AVAILABLE RECORDS »
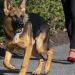 le chien de Joe Biden mord quelqu'un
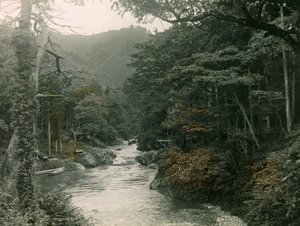 Herbstwald in der Yamanaka-Region, um 1900 - 1915 von Teijiro Takagi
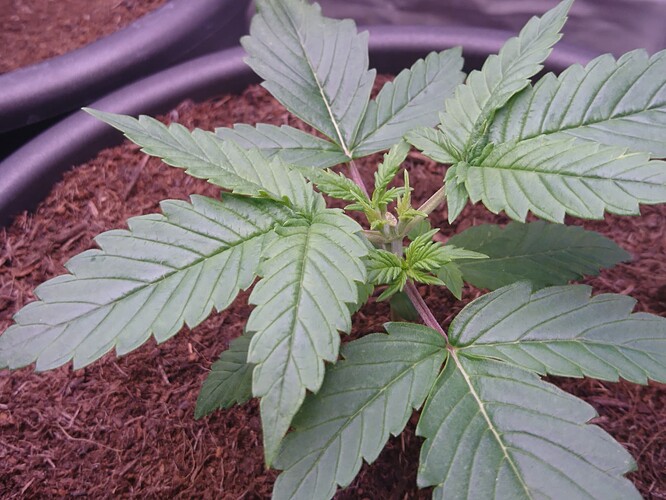 Growreport Bild 4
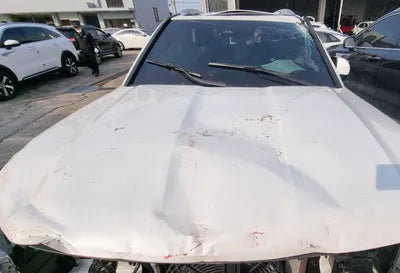2022 Kia Mohave KNAKN814DNA243610 VIN:KNAKN814DNA243610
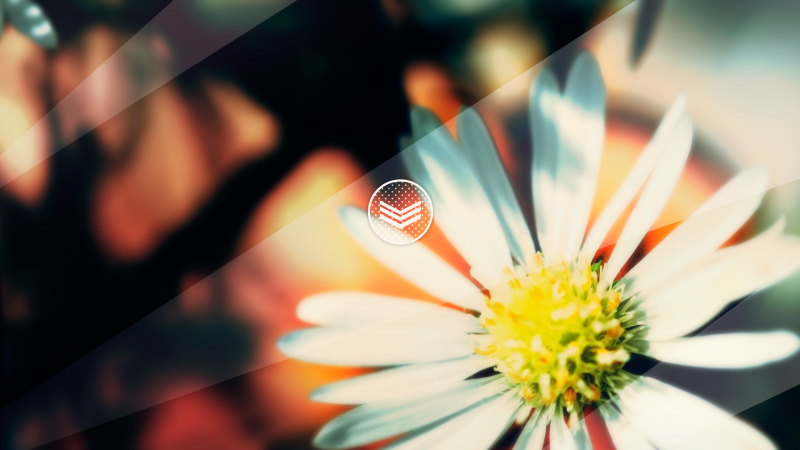 Photoshop, Příroda, fotografování, žlutý, květ, rostlina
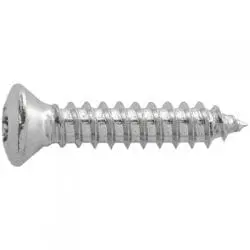 ScrewTorxStainlessOvalChromePltd.mmxmm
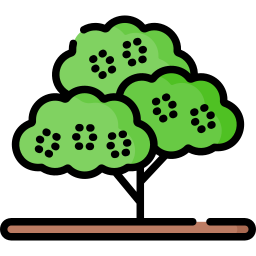 Tree icon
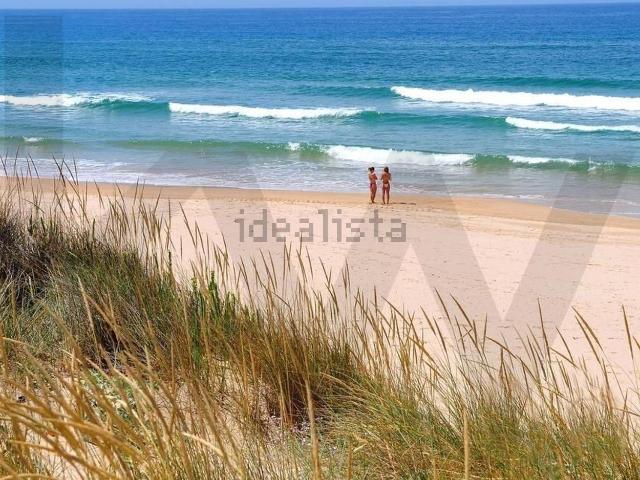 Terreno, Charneca da Caparica e Sobreda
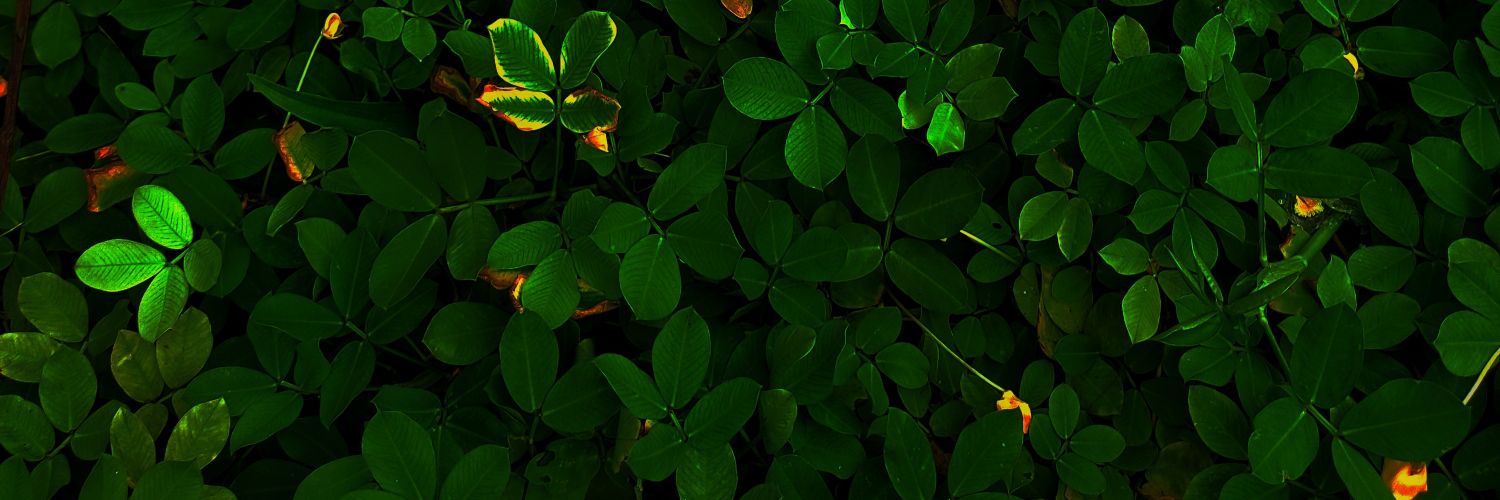 wen_lien_ing's profile banner image
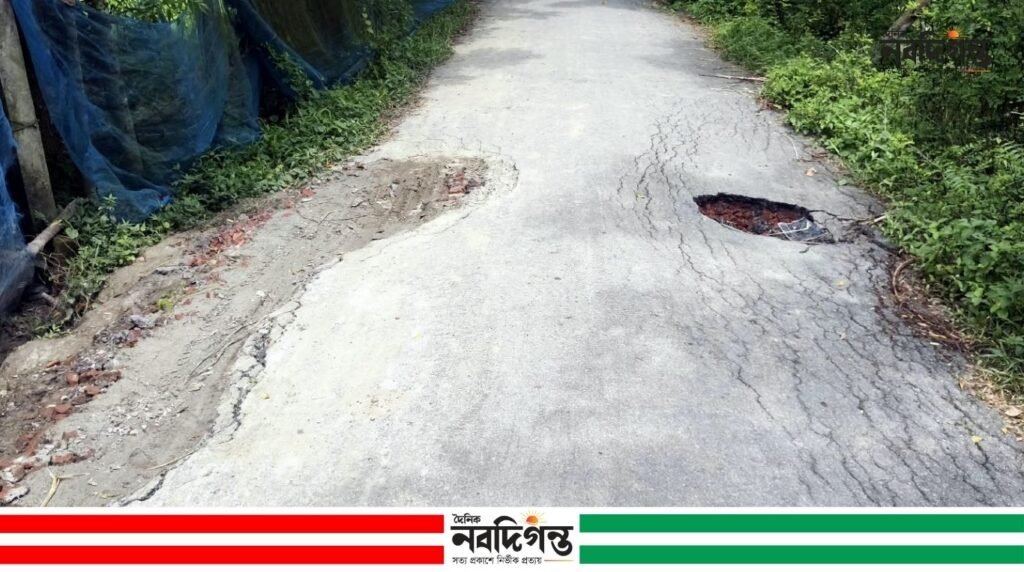 শ্যামনগরে কার্পেটিং রাস্তা ছিদ্র করে পাইপ স্থাপনের অভিযোগ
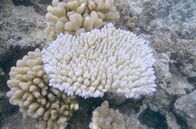 Die Rettung der Korallen – Korallen leben in einer Symbiose mit Mikroalgen, die ihnen ihre bunte Farbpracht verleihen. Doch durch die stetig ansteigende Temperatur der Meere stoßen Korallen ihre Symbionten ab, bleichen aus und sterben.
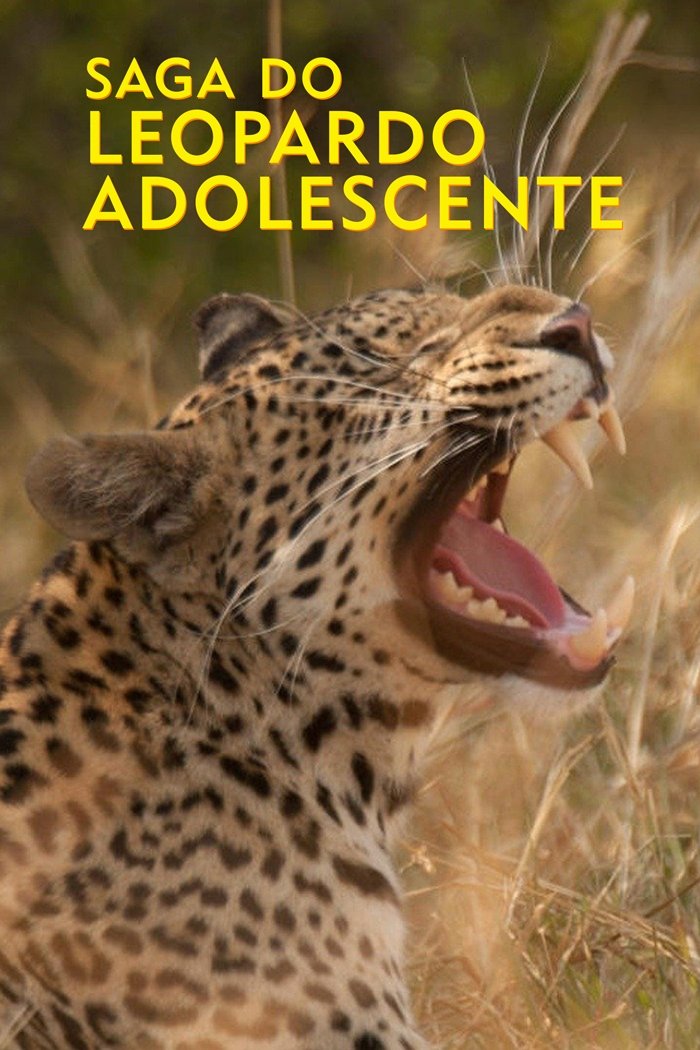 Poster de Saga do Leopardo Adolescente
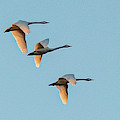 Tundra Swan Photograph by Minnie Gallman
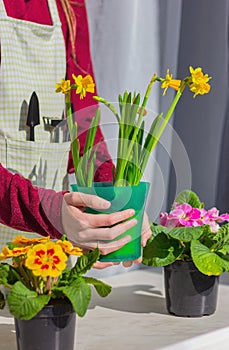 A person`s hands hold a pot with blooming yellow daffodils, next to it are primroses in flower pots on the windowsill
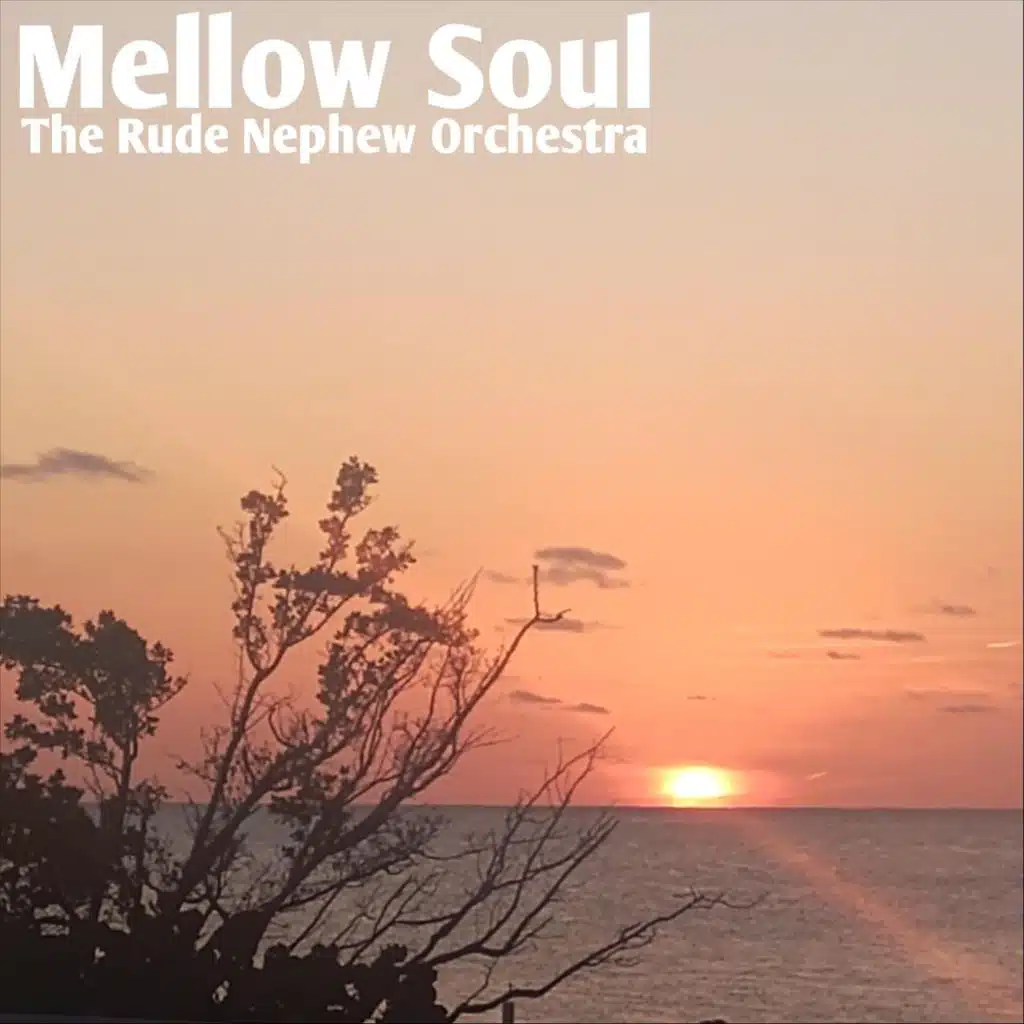 The Rude Nephew Orchestra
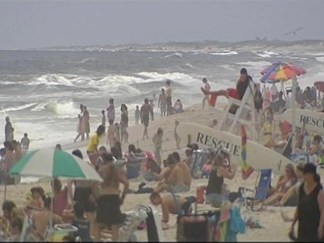 Shark Sighting on the Jersey Shore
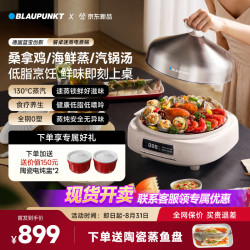 蓝宝 BLAUPUNKT）电蒸锅0涂层全不锈钢多功能锅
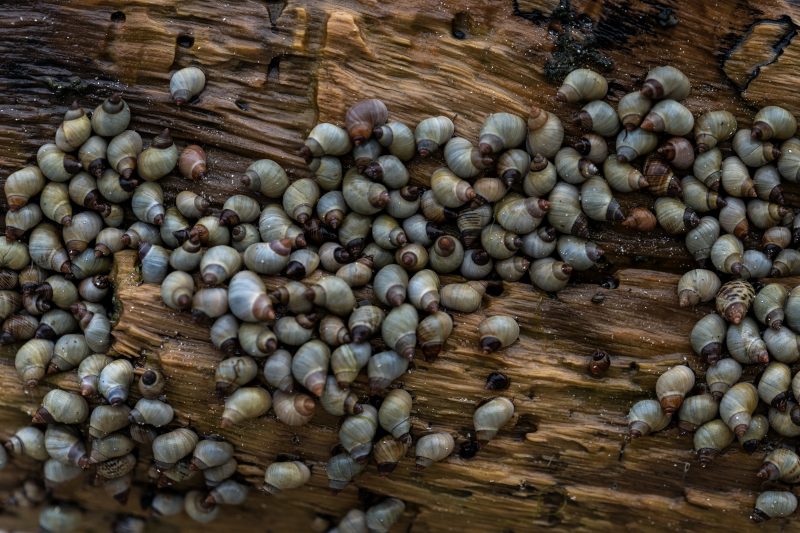 Cahuita, Costa Rica, 2024, © Dirk Heurich, dirksn.com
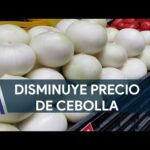 El Precio de la Cebolla: Descubre las Mejores Ofertas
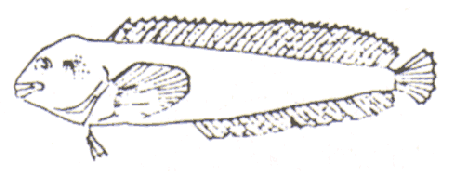 gatta - blennius pavo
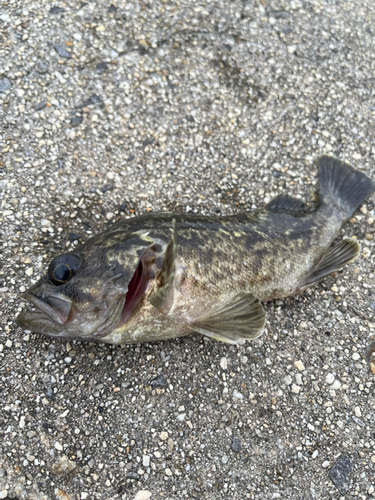 タケノコメバルの釣果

YOUR GOAL » Every entry above has to be repeated exactly, apart from its pictures.

YOUR SOLUTION »
 le chien de Joe Biden mord quelqu'un
 Herbstwald in der Yamanaka-Region, um 1900 - 1915 von Teijiro Takagi
 Growreport Bild 4
2022 Kia Mohave KNAKN814DNA243610 VIN:KNAKN814DNA243610
 Photoshop, Příroda, fotografování, žlutý, květ, rostlina
 ScrewTorxStainlessOvalChromePltd.mmxmm
 Tree icon
 Terreno, Charneca da Caparica e Sobreda
 wen_lien_ing's profile banner image
 শ্যামনগরে কার্পেটিং রাস্তা ছিদ্র করে পাইপ স্থাপনের অভিযোগ
 Die Rettung der Korallen – Korallen leben in einer Symbiose mit Mikroalgen, die ihnen ihre bunte Farbpracht verleihen. Doch durch die stetig ansteigende Temperatur der Meere stoßen Korallen ihre Symbionten ab, bleichen aus und sterben.
 Poster de Saga do Leopardo Adolescente
 Tundra Swan Photograph by Minnie Gallman
 A person`s hands hold a pot with blooming yellow daffodils, next to it are primroses in flower pots on the windowsill
 The Rude Nephew Orchestra
 Shark Sighting on the Jersey Shore
 蓝宝 BLAUPUNKT）电蒸锅0涂层全不锈钢多功能锅
 Cahuita, Costa Rica, 2024, © Dirk Heurich, dirksn.com
 El Precio de la Cebolla: Descubre las Mejores Ofertas
 gatta - blennius pavo
 タケノコメバルの釣果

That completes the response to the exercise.